CASH AND CASH EQUIVALENTS
Cash equivalents consist of short-term, highly liquid investments, with a
maturity of three months or less, carried at cost plus accrued interest, which
are readily convertible into cash. The carrying value for cash and cash
equivalents approximates fair value.
CONCENTRATION OF CREDIT RISK
Financial instruments which potentially subject the Company to concentrations
of credit risk consist principally of cash equivalents. The Company places its
cash equivalents with high quality financial institutions.
MERCHANDISE INVENTORIES
Merchandise inventories are stated at the lower of cost or market, cost being
determined on a first-in, first-out ("FIFO") method.
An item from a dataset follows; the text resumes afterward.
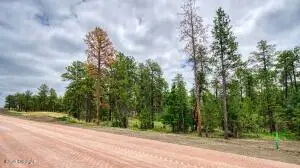 10 Pine Crest Drive, Pine Haven, WY 82721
PROPERTY, EQUIPMENT AND DEPRECIATION
Property and equipment are stated at cost and are depreciated for financial
reporting purposes using the straight-line method over estimated useful lives of
thirty-nine years for buildings and five to ten years for furniture, fixtures
and equipment. Leasehold improvements are amortized by the straight-line method
over the initial term of the lease. At retirement or sale, the cost of the
assets and related accumulated depreciation are removed from the appropriate
accounts, and any resulting gain or loss is included in current income. Routine
maintenance, repairs and renewals are expensed as incurred. Renewals and
betterments which substantially increase the life of property and equipment are
capitalized.
ADVERTISING COSTS
Advertising and promotion costs are charged to operations in the year
incurred. Advertising expense was $2,181,935, $2,064,058 and $2,753,145 in 1997,
1996 and 1995, respectively.
STORE PREOPENING COSTS
Non-capital expenditures associated with new store preopening costs are
expensed as incurred.
STORE DEVELOPMENT COSTS
The Company incurred $1,436,416 related to store development costs for the
fiscal year ended January 3, 1998. During 1997, management assessed the business
strategies and opportunities of the Company to differentiate itself in the
warehouse-format home improvement retail market. This comprehensive process
resulted in the development of new merchandising, marketing and other strategic
initiatives to strengthen the Company's market position. Select marketing and
merchandising programs were implemented on a Company-wide basis during the
second, third and fourth quarters of 1997. Certain of the costs incurred in 1997
relate to the development and creative design of these strategic concepts while
other costs pertain to implementation including marketing, advertising,
promotions and payroll costs.
EARNINGS PER SHARE
Earnings per share have been computed according to Statement of Financial
Accounting Standards (SFAS) No. 128, "Earnings Per Share." SFAS 128 replaced the
previously reported "primary earnings per share" with "basic earnings per share"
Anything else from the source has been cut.